● **Supplied material**
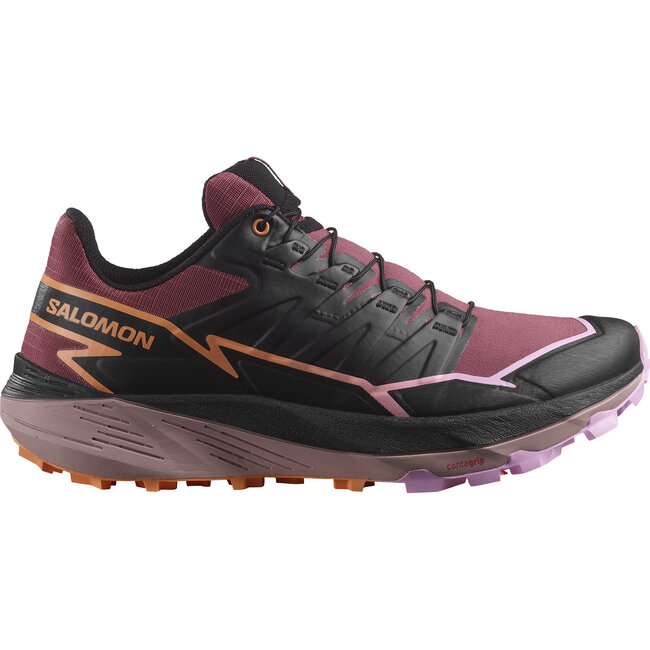 SALOMON Souliers F Thundercross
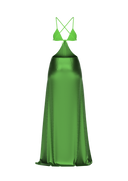 Take me to Paradise Dress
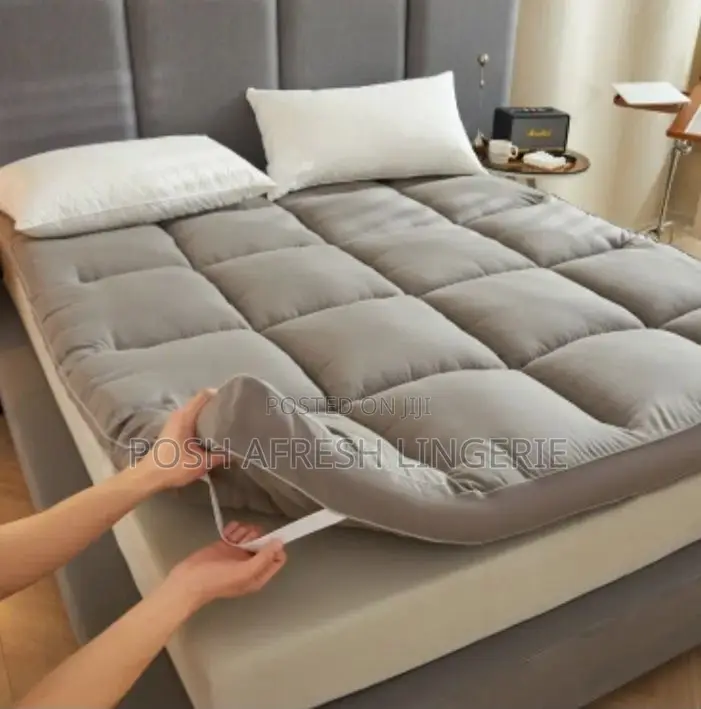 Mattress Topper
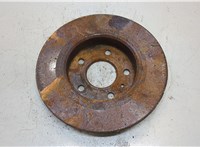  Диск тормозной Opel Astra H 2004-2010 20319242 #2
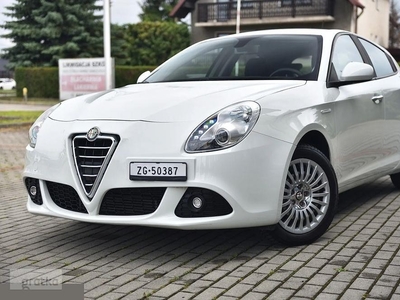 Alfa Romeo Giulietta 1.4 TB Super 120KM 2013r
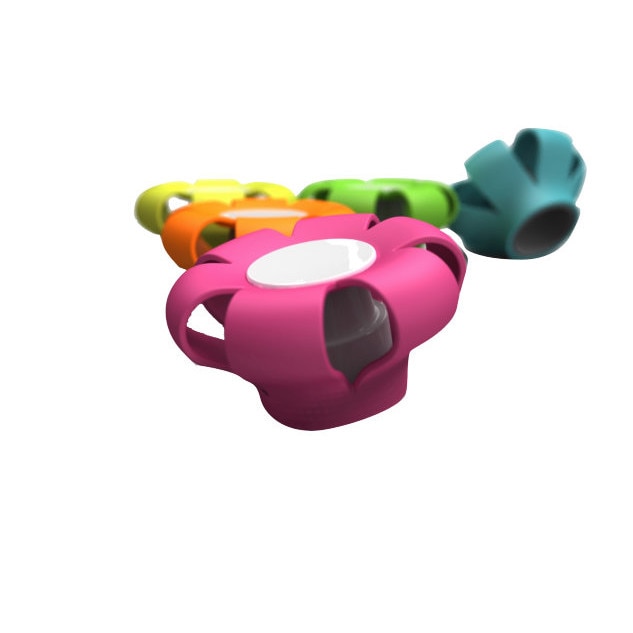 Lampa plutitoare LUMI BLOOM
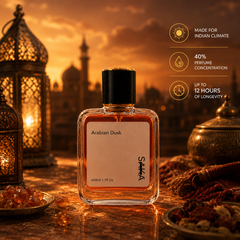 ARABIAN DUSK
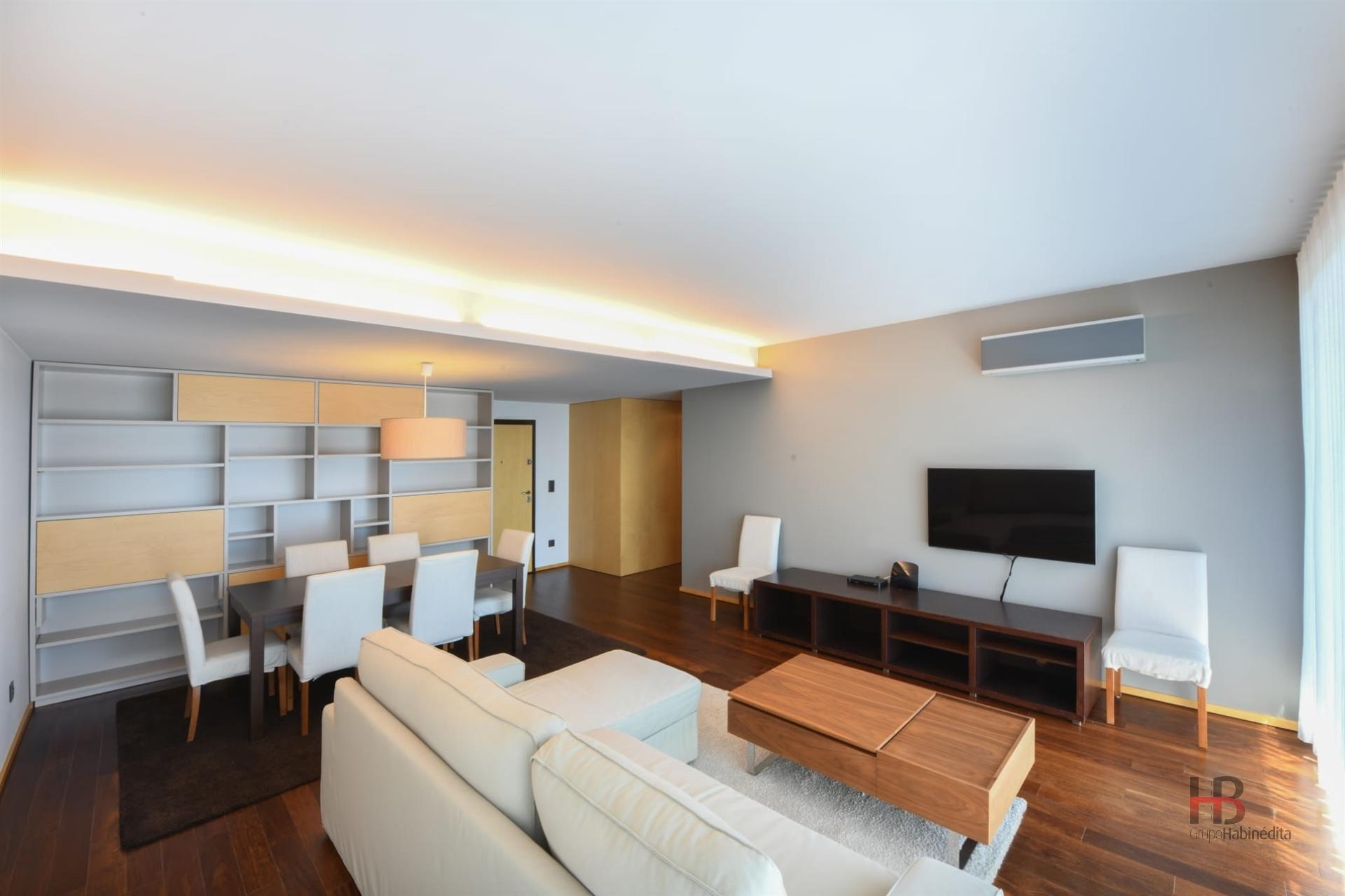 Apartamento T1 Arrendamento em Campanhã,Porto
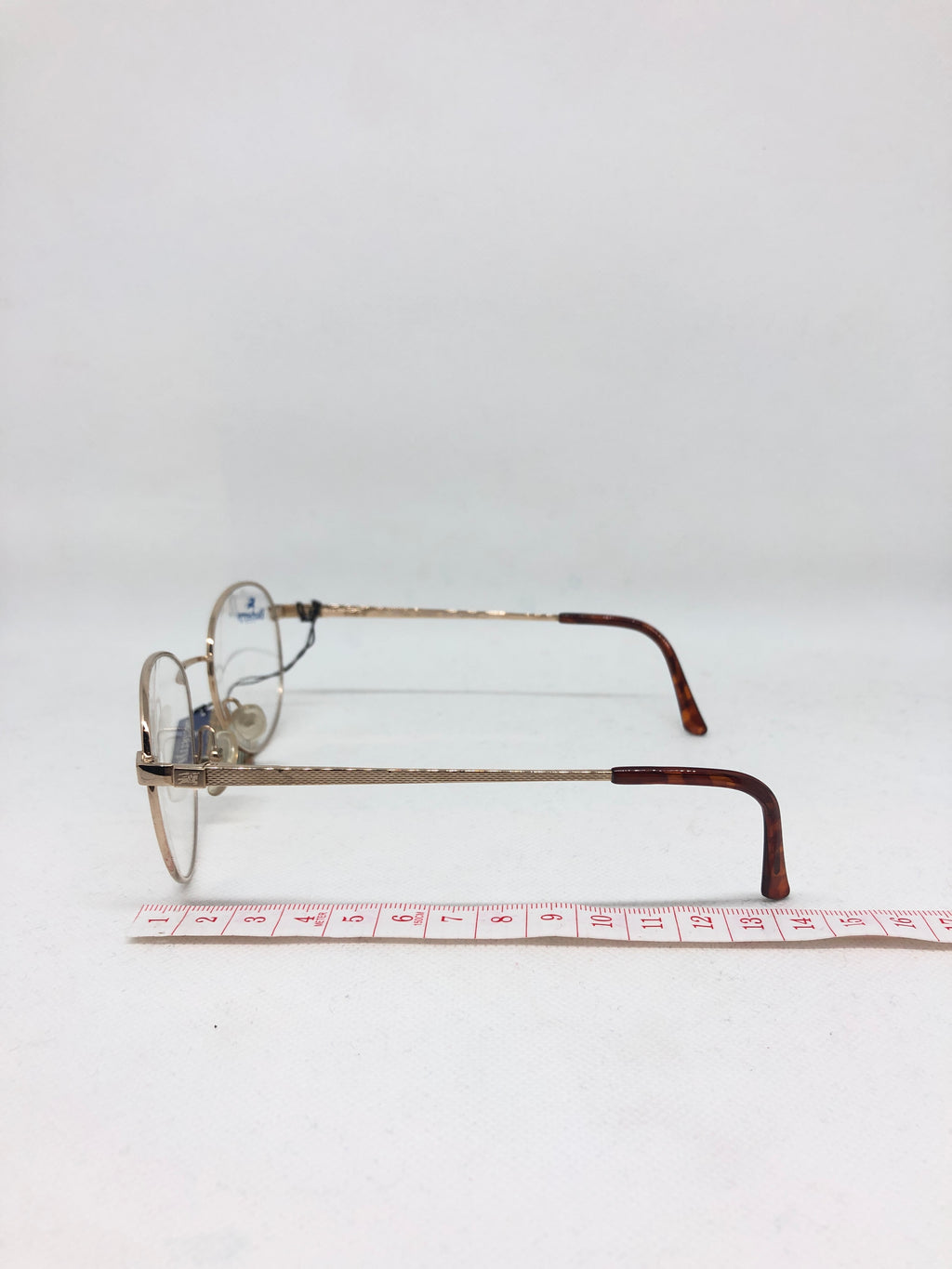 BURBERRYS by safilo b 8821 s50 140 vintage glasses DEADSTOCK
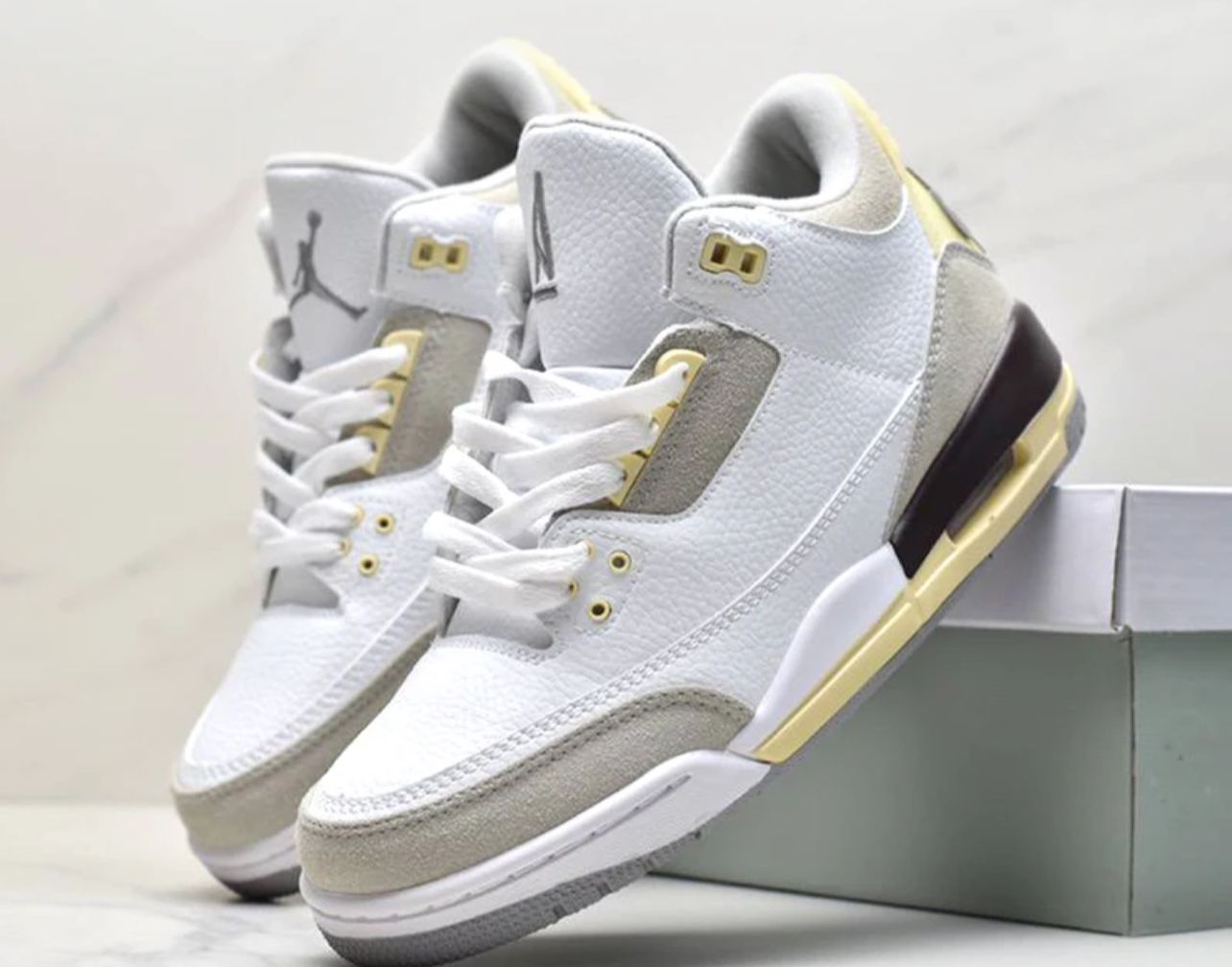 CLASSY J3 Retro  Men's Shoes Sneakers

● **Assigned task**
Go through the data above and transcribe it in full, omitting any image.

● **Solution for this task**
 SALOMON Souliers F Thundercross
 Take me to Paradise Dress
 Mattress Topper
  Диск тормозной Opel Astra H 2004-2010 20319242 #2
 Alfa Romeo Giulietta 1.4 TB Super 120KM 2013r
 Lampa plutitoare LUMI BLOOM
 ARABIAN DUSK
 Apartamento T1 Arrendamento em Campanhã,Porto
 BURBERRYS by safilo b 8821 s50 140 vintage glasses DEADSTOCK
 CLASSY J3 Retro  Men's Shoes Sneakers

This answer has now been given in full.